His mind stopped, then, as if hitting a solid wall. He did not know what else to do. He did not know how to help her. “Posy,” he said, “I need Posy.” He turned as if to run and find her, then turned back to Evanthe. He could not leave her here, like this. He felt the palace walls heave and it seemed the very foundation rumbled beneath him; there was no time. He did the only thing he knew to do. He leaned down and scooped up his sister, light as a flower, and held her against him.
“I can’t get to your mind, Evanthe,” Kyran breathed in her ear. “I suspect it is no one’s choice but your own to come back to me. But I will save your body and take you from this horrible place.” He held her fiercely to him and buried his face in her shoulder, stilling the anguish that fought to burst out of him.
He lifted his wearied eyes and gazed about the glittering room, the people smiling at what was before them.

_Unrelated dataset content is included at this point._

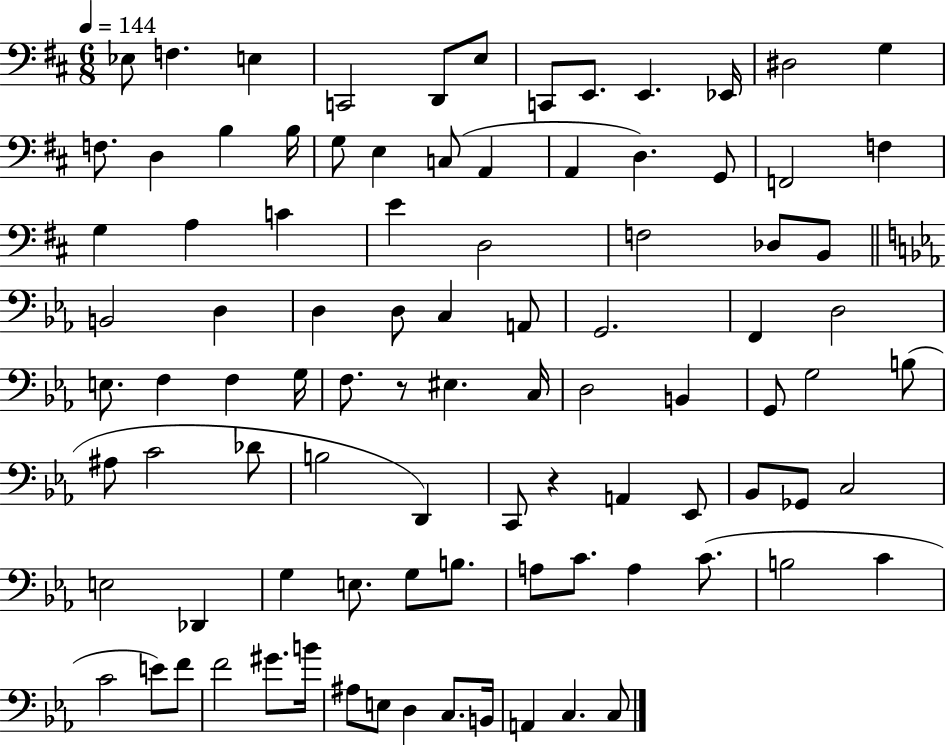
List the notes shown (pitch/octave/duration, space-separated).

He shook his head slowly, grief like a stone sitting in his chest. He saw only a waking sleep here; a living death. Holding to his sister like a lifeline, he hastened from there without a backward glance.
* * *
Posy was alone. Her search had halted, because she didn’t have the heart or strength to swim anymore. She floated, frozen as a statue, before one of the great windows atop the tower room, staring sightlessly across the barren sea floor. The surrounding yellow-green water seemed to reverberate and ripple with anticipation, and Posy saw tiny waves beginning to spread outward from the palace. The waves seemed to speak of a doom, in Posy’s mind. After a fleeting glance around the chamber, seeing it was empty, she had become mysteriously calm. The weight of emptiness and sadness was still on her, but she no longer fought it. She felt how easy it would be to give in to it,
to let it overtake and drown her. How blissful just to let it pull her down, to stop her frenzied struggle. She knew this must be the end of the journey for her, and she almost laughed. So close to the goal, but not to reach it. Was it tragic ... or pathetic?
A shaft of light shone suddenly on a hidden part of her mind, and she remembered her parents and her sister, as if they were fairytale creatures from another world. She knew she would miss them—if only she could feel anything at all.

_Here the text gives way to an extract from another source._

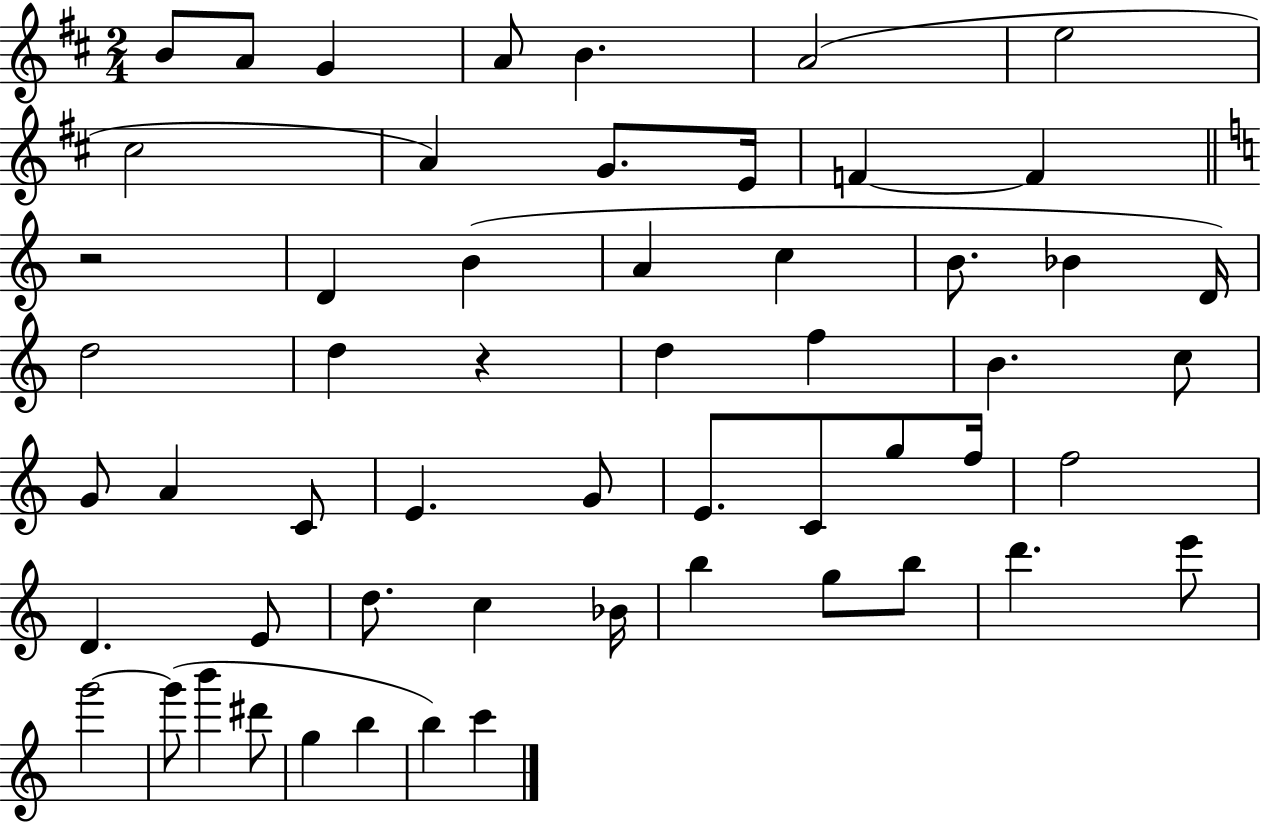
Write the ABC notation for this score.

Her eyes finally recognized something moving on the sea floor, far below her. A person had come out of the palace doors and was swiftly moving away from it. Kyran? So he had left her, after all. The thought of that was like a hammer hitting a numb spot. The pain was there—she just waited to feel it. Then she saw that he carried something—a person! Posy’s mind worked sluggishly ... it was—it had to be—the princess! He had found her.
Slowly, so slowly Posy almost thought something else must have been guiding her hands—she reached for the latch of the window before her. It sprang open almost before she touched it. She pushed her fingertips on the screening of seaweed and it swung open for her, inviting. But she needed no invitation. She climbed over the sill and prepared to jump, her heart giving a horrible flutter. There was no time to leave the castle the way she had entered it. This was surely the only way. Perhaps she would die in the fall, but her only other choice was to remain in this place, and she would not do that.
Only as she pushed herself off the ledge, the decision made, did she remember, feeling foolish, that she was swimming, and could come to no harm doing this. She had thought the escape from such emptiness would be a difficult one—she had been prepared for it to be so, for the pain and more that may have come of it. And it was as simple was pulling a latch ... opening a window and stepping out.